Work instruction - Exactly the lines from the line that has "Top 34 System" through the final line below are to be retyped, and the pictures are not.

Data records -

----

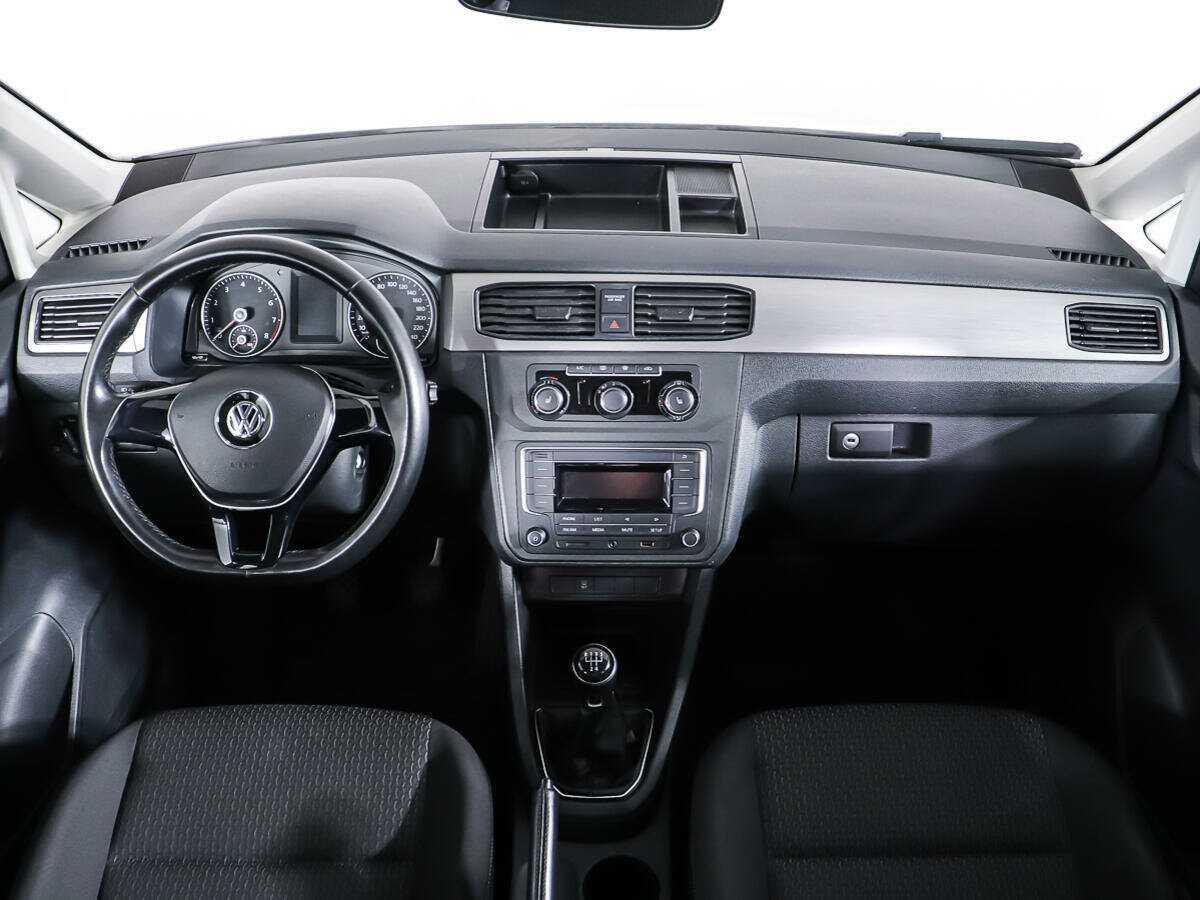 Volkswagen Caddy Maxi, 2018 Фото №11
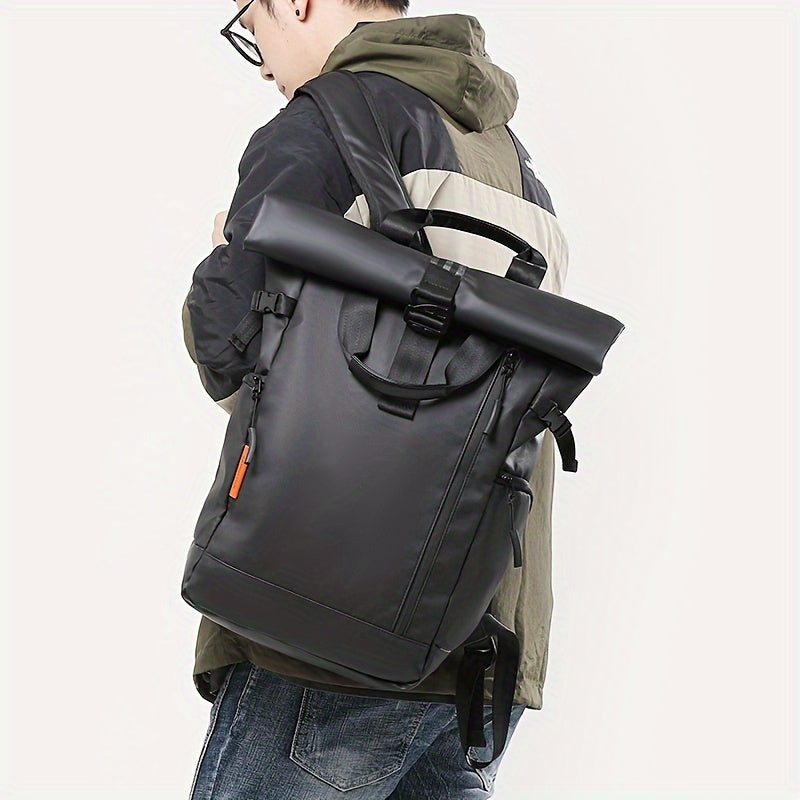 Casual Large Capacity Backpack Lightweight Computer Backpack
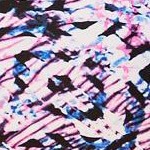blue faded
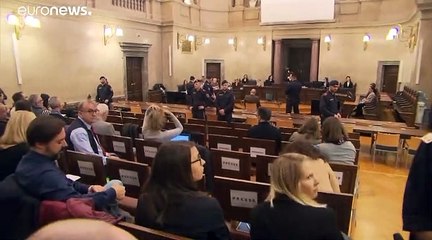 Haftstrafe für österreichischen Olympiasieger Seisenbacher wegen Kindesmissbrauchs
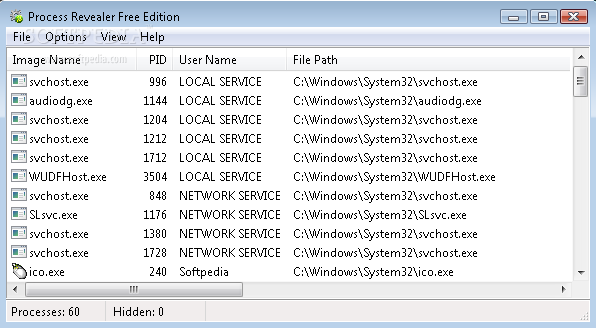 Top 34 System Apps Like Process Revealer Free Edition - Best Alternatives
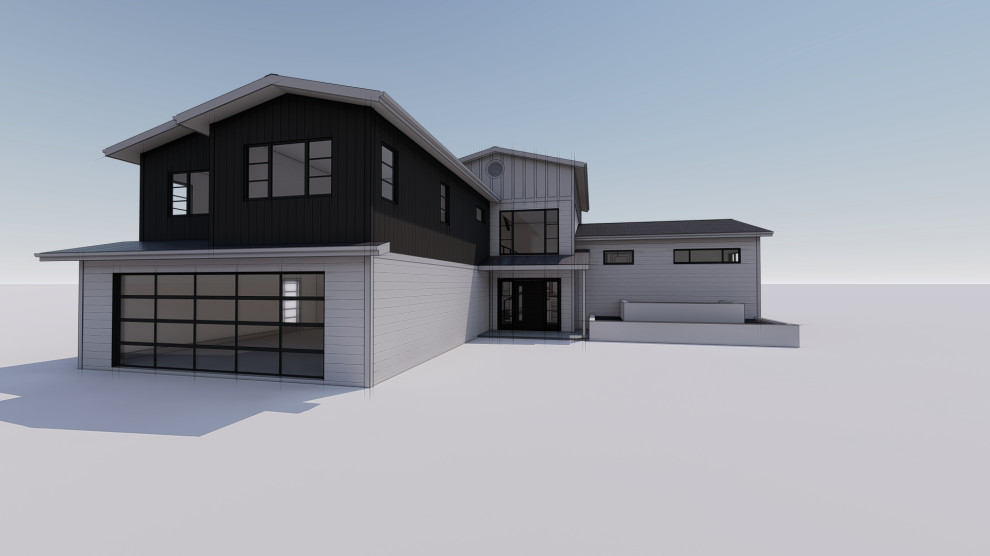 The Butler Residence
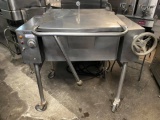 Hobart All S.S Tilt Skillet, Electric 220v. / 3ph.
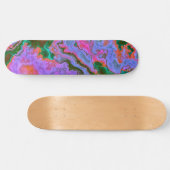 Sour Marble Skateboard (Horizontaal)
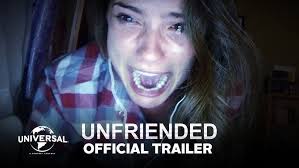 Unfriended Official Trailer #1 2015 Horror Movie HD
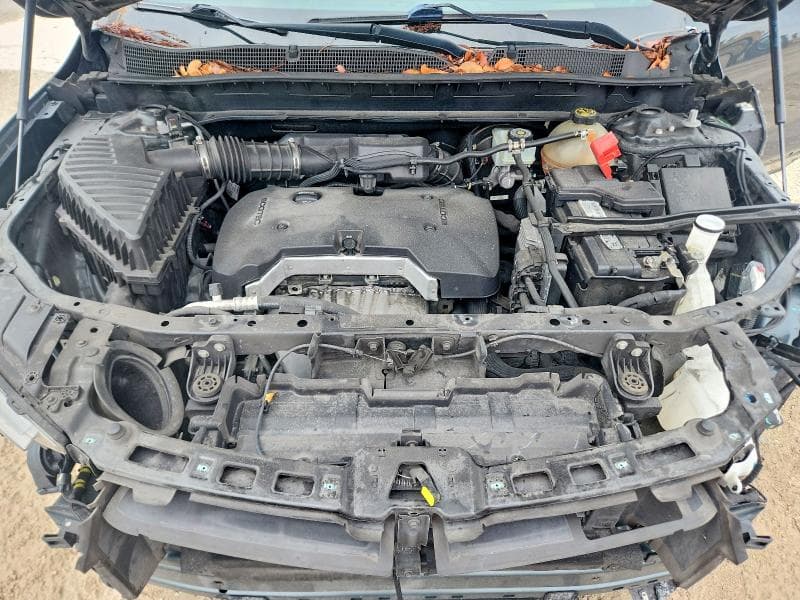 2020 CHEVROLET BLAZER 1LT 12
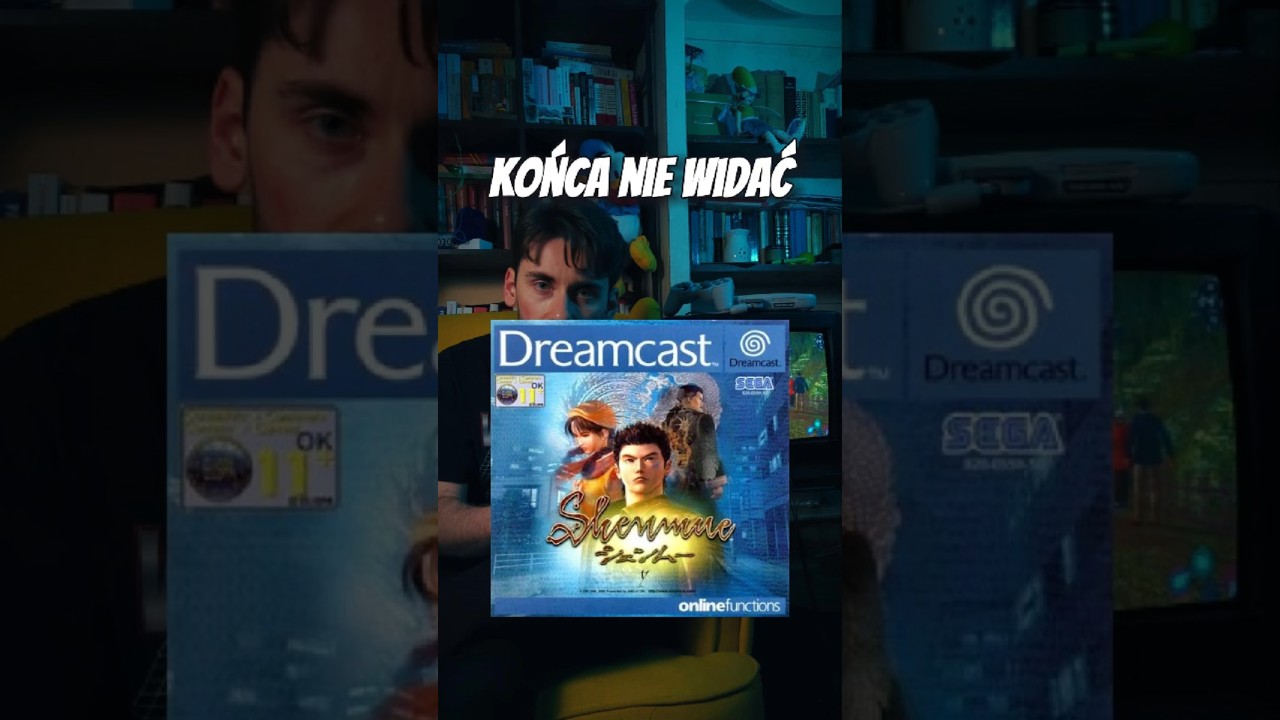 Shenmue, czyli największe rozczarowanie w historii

----

Answer section -
 Top 34 System Apps Like Process Revealer Free Edition - Best Alternatives
 The Butler Residence
 Hobart All S.S Tilt Skillet, Electric 220v. / 3ph.
 Sour Marble Skateboard (Horizontaal)
 Unfriended Official Trailer #1 2015 Horror Movie HD
 2020 CHEVROLET BLAZER 1LT 12
 Shenmue, czyli największe rozczarowanie w historii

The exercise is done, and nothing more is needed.